Task brief >> Output only the lines below that start at the line containing "Cupola travertine pendant" and end at the line containing "Roberto Cavalli Men's", with both ends kept.

Information >>
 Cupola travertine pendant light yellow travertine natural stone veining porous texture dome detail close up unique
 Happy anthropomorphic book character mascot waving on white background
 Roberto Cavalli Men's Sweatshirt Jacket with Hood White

--

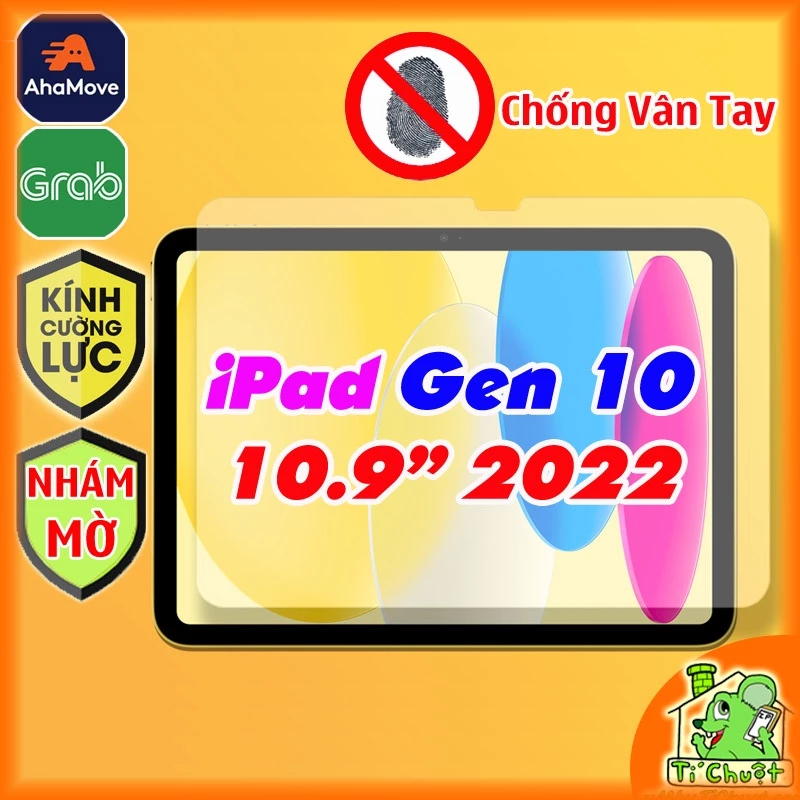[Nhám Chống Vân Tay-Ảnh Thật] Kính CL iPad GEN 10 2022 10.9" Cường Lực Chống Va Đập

Answer to the exercise >>
 Cupola travertine pendant light yellow travertine natural stone veining porous texture dome detail close up unique
 Happy anthropomorphic book character mascot waving on white background
 Roberto Cavalli Men's Sweatshirt Jacket with Hood White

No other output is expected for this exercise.